Das darf doch nicht wahr sein! Mein schönes altes Milchkännchen ist kaputt! Vor ein paar Tagen fiel es mir aus der Hand und der Henkel brach ab. Das ist so schade, weil es ein Erinnerungsstück ist! Und ich bin wirklich traurig darüber. Vielleicht klingt das etwas übertrieben. Schließlich ist es ja nur ein Gebrauchsgegenstand. Vergleichsweise wertlos und leicht zu ersetzen. Aber allemal schöner als die Portionsmilch in Plastikdöschen. Und entscheidend für mich ist: mir bedeutet das kleine Gefäß sehr viel, weil das Milchkännchen: eine Art Symbol für mich ist. Das Milchkännchen mit dem blauen Netzmuster erinnert mich nämlich an meine Familie zuhause: Dann sehe ich quasi den Wohnzimmertisch vor meinen Augen: Wir essen den noch warmen Marmorkuchen und trinken Kaffee.
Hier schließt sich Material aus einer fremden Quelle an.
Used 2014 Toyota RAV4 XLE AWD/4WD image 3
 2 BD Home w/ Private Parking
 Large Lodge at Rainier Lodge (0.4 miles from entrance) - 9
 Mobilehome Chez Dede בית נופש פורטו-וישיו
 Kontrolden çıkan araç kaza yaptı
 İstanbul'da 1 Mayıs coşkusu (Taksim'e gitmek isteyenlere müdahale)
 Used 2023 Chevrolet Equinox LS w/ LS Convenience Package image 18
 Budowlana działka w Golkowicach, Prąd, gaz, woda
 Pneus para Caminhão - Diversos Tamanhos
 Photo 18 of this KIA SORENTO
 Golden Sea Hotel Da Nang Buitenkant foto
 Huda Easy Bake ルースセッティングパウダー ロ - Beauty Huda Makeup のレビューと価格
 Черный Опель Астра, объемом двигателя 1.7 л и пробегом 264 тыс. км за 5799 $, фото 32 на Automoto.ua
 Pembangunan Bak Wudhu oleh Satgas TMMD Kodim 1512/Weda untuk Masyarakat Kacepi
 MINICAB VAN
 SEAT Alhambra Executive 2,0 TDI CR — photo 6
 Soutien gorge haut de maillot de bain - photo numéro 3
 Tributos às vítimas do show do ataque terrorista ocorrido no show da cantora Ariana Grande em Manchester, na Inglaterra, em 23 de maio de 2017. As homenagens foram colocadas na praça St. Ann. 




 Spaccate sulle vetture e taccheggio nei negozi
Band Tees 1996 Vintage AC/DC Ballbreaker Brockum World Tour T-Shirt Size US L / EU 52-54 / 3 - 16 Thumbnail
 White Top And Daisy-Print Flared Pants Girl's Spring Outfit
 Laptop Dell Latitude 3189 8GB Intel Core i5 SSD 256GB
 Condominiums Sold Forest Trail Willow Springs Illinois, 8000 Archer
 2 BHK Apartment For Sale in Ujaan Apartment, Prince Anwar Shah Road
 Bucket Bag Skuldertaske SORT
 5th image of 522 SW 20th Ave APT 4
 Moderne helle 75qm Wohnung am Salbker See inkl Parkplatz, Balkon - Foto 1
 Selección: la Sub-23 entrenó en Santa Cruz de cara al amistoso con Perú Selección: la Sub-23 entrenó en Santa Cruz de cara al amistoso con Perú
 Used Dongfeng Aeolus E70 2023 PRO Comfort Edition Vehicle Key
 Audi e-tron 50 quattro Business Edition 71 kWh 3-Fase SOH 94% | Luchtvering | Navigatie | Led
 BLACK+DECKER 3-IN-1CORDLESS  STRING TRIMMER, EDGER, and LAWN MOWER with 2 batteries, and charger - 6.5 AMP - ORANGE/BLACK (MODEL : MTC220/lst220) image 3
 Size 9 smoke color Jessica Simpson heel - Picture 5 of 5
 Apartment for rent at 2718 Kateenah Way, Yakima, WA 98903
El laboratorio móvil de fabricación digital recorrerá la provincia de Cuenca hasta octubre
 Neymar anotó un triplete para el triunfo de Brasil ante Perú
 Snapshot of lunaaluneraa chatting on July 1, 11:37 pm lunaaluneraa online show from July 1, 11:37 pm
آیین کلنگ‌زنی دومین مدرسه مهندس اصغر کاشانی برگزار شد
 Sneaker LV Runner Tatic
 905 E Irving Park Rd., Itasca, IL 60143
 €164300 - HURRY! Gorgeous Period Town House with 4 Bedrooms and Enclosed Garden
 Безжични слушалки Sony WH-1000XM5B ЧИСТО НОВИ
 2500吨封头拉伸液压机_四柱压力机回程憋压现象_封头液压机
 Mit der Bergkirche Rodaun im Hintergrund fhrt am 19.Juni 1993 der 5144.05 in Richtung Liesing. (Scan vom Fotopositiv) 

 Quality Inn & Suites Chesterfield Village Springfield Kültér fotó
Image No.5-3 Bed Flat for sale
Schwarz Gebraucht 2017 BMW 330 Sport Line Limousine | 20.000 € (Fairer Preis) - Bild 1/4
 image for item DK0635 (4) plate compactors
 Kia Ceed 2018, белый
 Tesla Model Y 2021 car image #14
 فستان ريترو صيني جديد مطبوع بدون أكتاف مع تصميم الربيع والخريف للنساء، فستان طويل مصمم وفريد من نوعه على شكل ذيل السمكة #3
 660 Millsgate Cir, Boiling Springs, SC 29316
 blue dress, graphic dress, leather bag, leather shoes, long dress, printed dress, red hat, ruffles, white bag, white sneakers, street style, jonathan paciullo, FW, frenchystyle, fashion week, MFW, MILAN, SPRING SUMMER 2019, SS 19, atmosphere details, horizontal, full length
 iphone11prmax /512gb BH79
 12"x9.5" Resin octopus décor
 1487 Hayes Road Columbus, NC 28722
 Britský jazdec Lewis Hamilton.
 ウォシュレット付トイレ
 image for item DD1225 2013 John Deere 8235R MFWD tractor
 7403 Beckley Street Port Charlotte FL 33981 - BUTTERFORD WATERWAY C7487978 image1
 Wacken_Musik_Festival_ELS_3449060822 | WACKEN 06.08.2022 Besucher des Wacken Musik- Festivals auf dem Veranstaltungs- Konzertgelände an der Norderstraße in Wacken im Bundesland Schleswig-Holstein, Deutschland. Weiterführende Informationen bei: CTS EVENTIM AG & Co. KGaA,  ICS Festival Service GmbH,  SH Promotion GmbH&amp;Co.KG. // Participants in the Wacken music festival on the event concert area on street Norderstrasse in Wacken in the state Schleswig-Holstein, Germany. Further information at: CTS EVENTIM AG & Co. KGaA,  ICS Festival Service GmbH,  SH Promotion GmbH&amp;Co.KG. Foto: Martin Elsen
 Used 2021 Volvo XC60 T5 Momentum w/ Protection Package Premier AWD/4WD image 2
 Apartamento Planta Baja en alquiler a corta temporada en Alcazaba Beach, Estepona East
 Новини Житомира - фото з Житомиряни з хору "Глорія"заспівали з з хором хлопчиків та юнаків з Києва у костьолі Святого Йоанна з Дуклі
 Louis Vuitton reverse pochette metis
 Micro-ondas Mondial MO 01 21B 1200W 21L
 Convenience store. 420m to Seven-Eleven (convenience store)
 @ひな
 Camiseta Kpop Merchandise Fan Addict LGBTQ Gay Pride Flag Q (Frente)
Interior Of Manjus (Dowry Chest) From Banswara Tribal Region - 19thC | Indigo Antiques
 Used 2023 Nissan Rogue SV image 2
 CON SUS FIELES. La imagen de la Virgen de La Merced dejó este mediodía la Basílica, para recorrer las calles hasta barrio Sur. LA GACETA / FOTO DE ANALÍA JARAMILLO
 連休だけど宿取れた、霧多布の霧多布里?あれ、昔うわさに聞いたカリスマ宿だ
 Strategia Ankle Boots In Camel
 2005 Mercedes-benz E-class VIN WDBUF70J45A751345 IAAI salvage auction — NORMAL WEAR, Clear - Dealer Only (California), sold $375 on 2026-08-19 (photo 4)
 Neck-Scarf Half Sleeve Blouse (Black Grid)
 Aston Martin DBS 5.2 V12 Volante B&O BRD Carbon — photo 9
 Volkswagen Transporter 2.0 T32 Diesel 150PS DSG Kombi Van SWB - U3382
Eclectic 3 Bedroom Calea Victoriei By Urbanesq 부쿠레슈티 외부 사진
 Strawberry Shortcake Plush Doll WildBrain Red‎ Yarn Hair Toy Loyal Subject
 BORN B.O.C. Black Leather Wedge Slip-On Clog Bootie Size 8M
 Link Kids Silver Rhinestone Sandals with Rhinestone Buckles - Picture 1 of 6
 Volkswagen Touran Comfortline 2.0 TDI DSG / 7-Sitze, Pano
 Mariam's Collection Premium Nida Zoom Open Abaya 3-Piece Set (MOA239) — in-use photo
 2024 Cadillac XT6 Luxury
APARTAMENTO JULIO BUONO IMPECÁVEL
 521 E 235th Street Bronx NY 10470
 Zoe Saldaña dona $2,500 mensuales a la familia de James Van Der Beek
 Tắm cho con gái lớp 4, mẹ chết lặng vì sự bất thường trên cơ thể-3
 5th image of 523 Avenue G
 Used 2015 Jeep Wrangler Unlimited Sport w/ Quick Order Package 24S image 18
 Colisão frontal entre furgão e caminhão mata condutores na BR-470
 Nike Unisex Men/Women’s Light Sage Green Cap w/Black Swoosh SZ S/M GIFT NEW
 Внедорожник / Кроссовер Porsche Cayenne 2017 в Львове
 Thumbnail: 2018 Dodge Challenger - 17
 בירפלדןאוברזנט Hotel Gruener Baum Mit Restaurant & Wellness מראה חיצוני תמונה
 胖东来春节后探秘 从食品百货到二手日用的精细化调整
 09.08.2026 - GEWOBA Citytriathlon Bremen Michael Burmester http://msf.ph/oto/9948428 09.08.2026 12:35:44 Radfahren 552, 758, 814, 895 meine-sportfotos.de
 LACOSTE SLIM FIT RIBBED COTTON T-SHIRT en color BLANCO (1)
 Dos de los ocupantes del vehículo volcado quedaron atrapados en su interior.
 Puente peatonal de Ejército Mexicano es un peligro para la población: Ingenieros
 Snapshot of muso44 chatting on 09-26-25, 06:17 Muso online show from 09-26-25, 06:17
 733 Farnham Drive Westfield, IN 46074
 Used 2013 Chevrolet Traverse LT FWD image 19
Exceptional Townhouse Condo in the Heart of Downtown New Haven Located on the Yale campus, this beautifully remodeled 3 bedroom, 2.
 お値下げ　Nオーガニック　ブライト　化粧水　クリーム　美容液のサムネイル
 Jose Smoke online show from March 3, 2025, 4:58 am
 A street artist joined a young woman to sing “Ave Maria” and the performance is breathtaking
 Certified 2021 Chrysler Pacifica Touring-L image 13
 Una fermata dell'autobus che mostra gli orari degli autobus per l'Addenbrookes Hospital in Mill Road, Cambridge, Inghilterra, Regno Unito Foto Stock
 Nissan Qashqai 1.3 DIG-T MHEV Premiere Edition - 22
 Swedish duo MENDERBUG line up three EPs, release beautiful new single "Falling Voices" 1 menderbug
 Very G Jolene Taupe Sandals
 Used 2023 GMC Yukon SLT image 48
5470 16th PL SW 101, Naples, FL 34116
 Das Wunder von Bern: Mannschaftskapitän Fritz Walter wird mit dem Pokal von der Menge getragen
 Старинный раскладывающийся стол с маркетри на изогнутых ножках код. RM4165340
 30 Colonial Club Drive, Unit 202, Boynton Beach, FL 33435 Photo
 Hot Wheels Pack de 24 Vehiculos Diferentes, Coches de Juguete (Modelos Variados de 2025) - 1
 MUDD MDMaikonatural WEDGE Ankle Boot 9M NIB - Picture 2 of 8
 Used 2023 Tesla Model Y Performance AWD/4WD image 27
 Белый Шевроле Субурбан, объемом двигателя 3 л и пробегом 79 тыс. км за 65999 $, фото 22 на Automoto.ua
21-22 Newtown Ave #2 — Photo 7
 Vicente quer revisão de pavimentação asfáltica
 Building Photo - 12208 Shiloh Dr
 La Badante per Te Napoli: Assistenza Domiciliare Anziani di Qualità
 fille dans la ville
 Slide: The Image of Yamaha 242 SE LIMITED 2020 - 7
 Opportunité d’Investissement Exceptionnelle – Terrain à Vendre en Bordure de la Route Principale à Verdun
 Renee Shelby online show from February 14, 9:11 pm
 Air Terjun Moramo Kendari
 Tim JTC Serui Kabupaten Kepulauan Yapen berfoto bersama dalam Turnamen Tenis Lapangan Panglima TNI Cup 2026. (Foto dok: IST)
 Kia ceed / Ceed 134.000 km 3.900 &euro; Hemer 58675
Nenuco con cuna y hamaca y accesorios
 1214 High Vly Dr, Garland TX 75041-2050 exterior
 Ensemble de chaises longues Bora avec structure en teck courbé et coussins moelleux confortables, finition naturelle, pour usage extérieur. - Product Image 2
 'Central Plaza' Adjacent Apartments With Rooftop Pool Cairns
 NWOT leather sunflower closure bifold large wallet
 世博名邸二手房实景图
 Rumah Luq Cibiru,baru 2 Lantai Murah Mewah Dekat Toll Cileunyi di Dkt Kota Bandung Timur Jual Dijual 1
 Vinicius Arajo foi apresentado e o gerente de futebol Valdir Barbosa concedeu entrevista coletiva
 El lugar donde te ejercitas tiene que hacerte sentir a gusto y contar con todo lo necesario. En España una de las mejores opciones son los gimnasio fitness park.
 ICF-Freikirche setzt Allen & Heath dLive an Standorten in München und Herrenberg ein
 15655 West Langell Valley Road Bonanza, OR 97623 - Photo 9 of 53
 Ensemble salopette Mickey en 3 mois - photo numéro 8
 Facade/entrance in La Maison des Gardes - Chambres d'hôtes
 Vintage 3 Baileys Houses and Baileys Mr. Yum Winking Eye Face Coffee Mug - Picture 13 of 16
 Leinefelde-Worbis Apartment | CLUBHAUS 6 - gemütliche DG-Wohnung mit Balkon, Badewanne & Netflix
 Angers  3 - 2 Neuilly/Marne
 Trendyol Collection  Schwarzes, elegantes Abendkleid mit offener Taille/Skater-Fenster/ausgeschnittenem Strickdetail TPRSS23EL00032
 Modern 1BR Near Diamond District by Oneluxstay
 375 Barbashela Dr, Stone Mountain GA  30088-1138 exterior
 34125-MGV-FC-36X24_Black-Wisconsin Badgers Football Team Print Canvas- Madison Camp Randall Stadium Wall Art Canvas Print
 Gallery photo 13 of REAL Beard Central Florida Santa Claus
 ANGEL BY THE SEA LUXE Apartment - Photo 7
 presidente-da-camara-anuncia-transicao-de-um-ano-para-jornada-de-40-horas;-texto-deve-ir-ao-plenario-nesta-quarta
Das war quasi ein Ritual am Sonntagnachmittag.

Zugegeben: Als Jugendliche fand ich das manchmal auch langweilig. Immer wieder sonntags der gleiche Ablauf. Aber es war ein Fixpunkt für die ganze Familie: Am Sonntag kamen wir alle zusammen! Inzwischen sind viele Jahrzehnte vergangen. Jetzt denke ich doch eher mit Wehmut daran zurück. Denn so eine Familientradition hat doch etwas! Und was hat sich nicht alles verändert? Heute habe ich ja meine eigene Familie. Die Kinder sind groß. Wir sehen uns seltener. Und wenn ich mich umschaue: Die Gesellschaft insgesamt ist vielfältiger und bunter geworden. Und nicht nur das. Sie ist auch viel mobiler geworden: Jeder Mensch hat heute irgendwie seinen eigenen Rhythmus durch die Arbeit oder den Freundeskreis. Das prägt doch den Tages- oder den Wochenablauf. Und der ist manchmal ganz schön hektisch. Da braucht es oft auch neue Ideen und neue Formen, um das Zusammenkommen zu gestalten – nicht nur in der Familie am Sonntag. Ja, und vielleicht auch so etwas wie eine feste Zeit inmitten des normalen Alltags.


Musik I: Gregorian, Fix you


Ja, das Kaffeetrinken am Sonntag war in meiner Familie früher ein echter Kontrast zum Alltag mit seiner Hektik und Arbeit. Mir ist erst später klar geworden, wie wichtig solche Kontraste sind, zwischen Arbeitsphasen und Ruhephasen. Denn beides hängt mehr zusammen, als man denkt. Nicht von ungefähr heißt es: In der Ruhe liegt die Kraft!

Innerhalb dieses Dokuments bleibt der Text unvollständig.